>>>
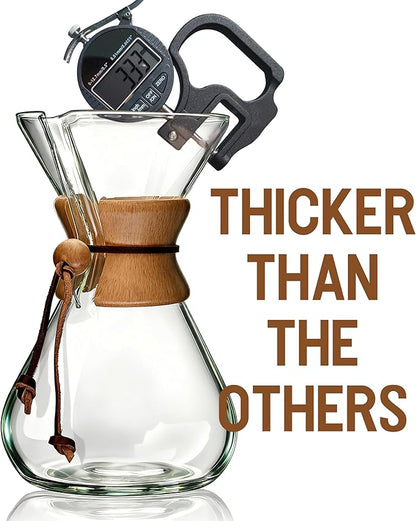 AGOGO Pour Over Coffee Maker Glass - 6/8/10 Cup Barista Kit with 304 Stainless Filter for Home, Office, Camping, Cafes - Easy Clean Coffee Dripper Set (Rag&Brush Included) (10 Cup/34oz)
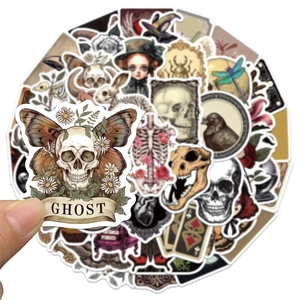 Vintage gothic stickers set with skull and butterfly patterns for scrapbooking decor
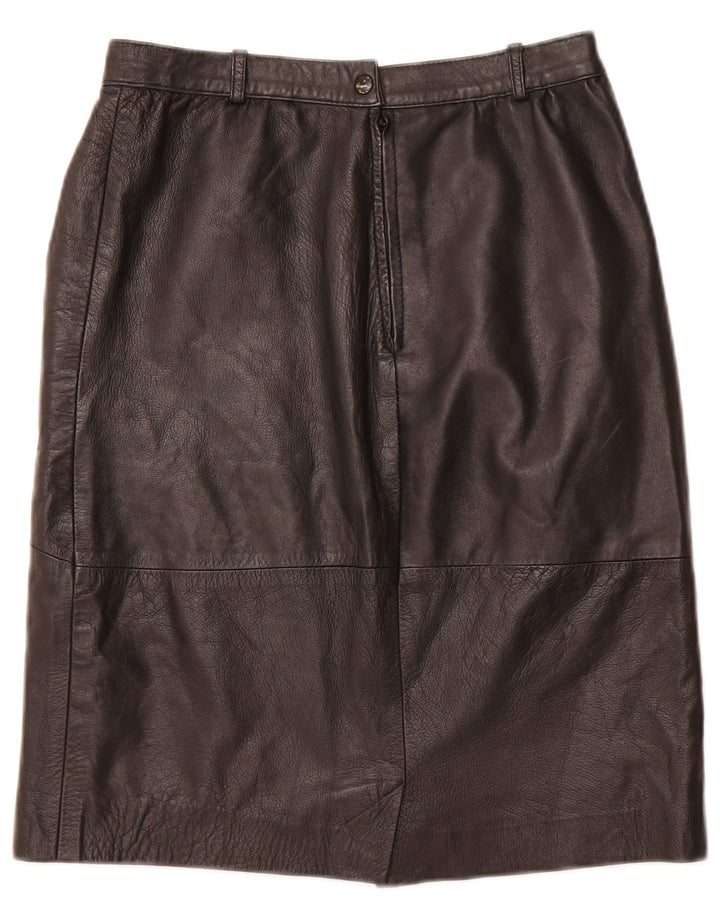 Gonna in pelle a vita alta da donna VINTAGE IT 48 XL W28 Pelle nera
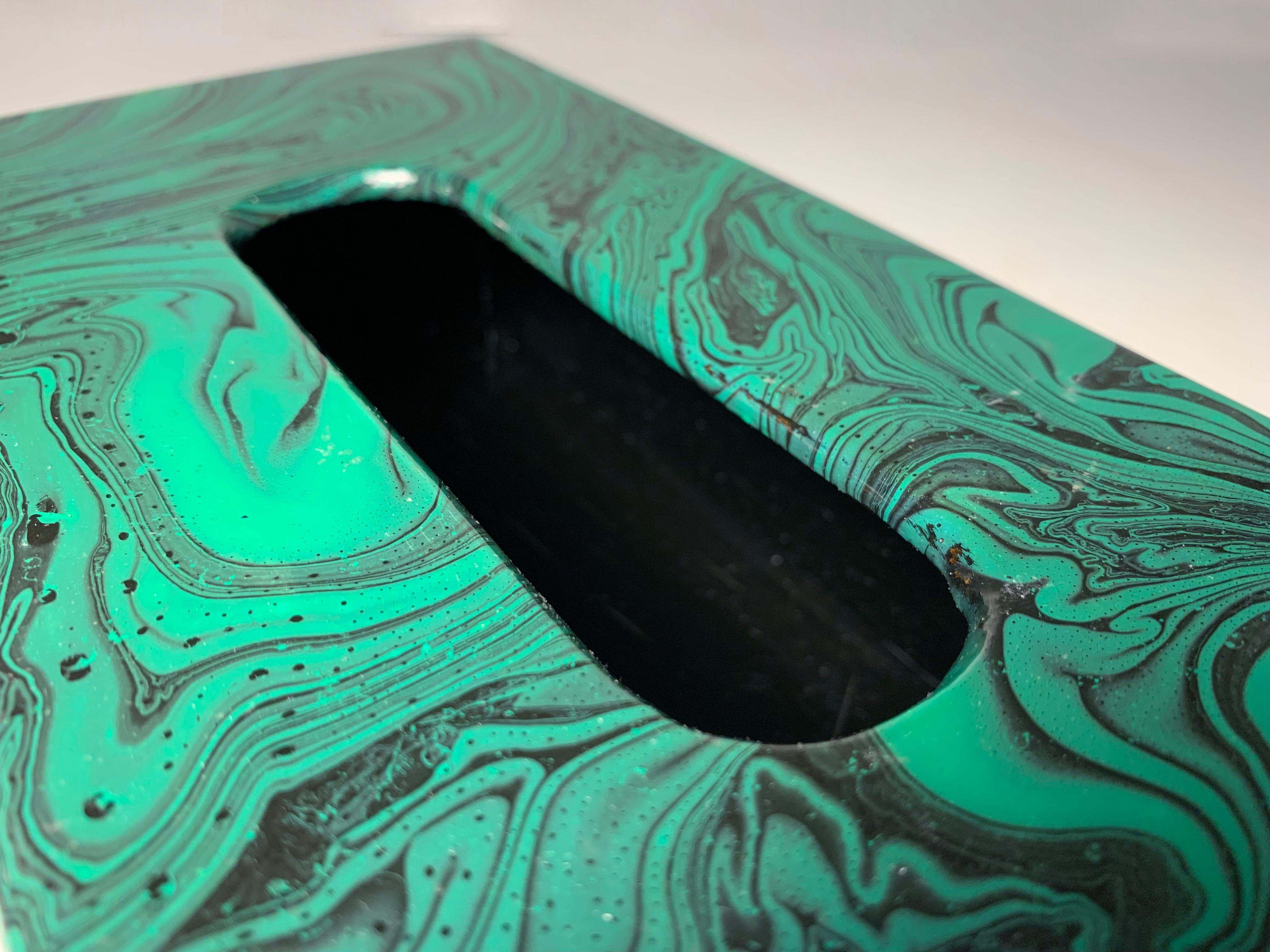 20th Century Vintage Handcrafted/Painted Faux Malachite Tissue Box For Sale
<<<
* _Exercise details_
What belongs in the answer is each line above, reproduced exactly, and no picture.

* _Solution to this exercise_
 AGOGO Pour Over Coffee Maker Glass - 6/8/10 Cup Barista Kit with 304 Stainless Filter for Home, Office, Camping, Cafes - Easy Clean Coffee Dripper Set (Rag&Brush Included) (10 Cup/34oz)
 Vintage gothic stickers set with skull and butterfly patterns for scrapbooking decor
 Gonna in pelle a vita alta da donna VINTAGE IT 48 XL W28 Pelle nera
 20th Century Vintage Handcrafted/Painted Faux Malachite Tissue Box For Sale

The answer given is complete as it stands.